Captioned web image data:
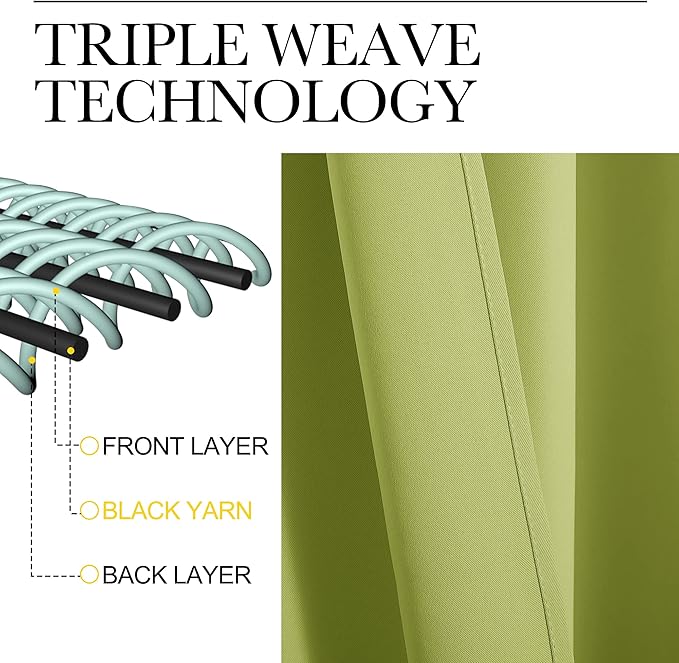 NICETOWN 2 Panels Blackout Curtains, Rod Pocket Thermal Insulated Drapess - Image 4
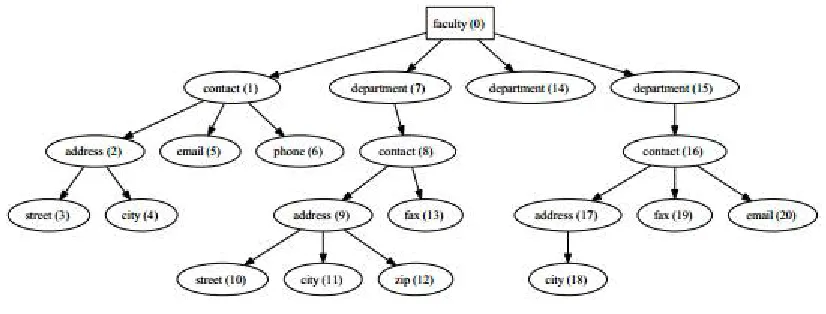 Fig. 1. The sample XML file 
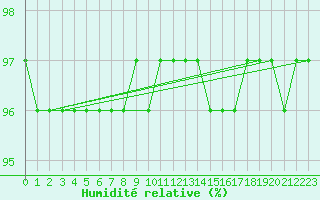 Courbe de l'humidit relative pour Quimperl (29)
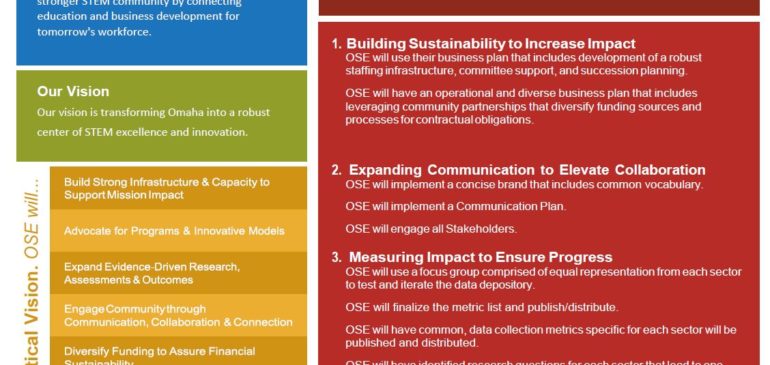 Omaha STEM Ecosystem Publishes 2020-2023 Strategic Plan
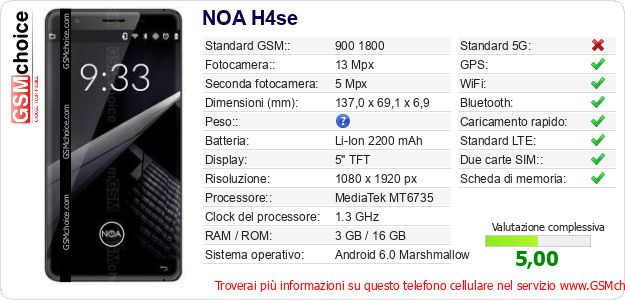 NOA H4se Dati tecnici di telefono cellulare 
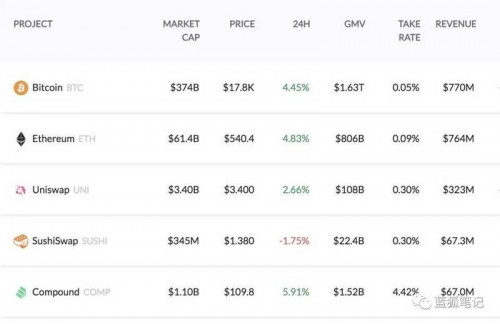 2017的ETH和2021的ETH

What the task asks:
When pictures appear among the entries, skip them and copy all remaining text precisely.

Your response:
 NICETOWN 2 Panels Blackout Curtains, Rod Pocket Thermal Insulated Drapess - Image 4
 Fig. 1. The sample XML file 
 Courbe de l'humidit relative pour Quimperl (29)
 Omaha STEM Ecosystem Publishes 2020-2023 Strategic Plan
 NOA H4se Dati tecnici di telefono cellulare 
 2017的ETH和2021的ETH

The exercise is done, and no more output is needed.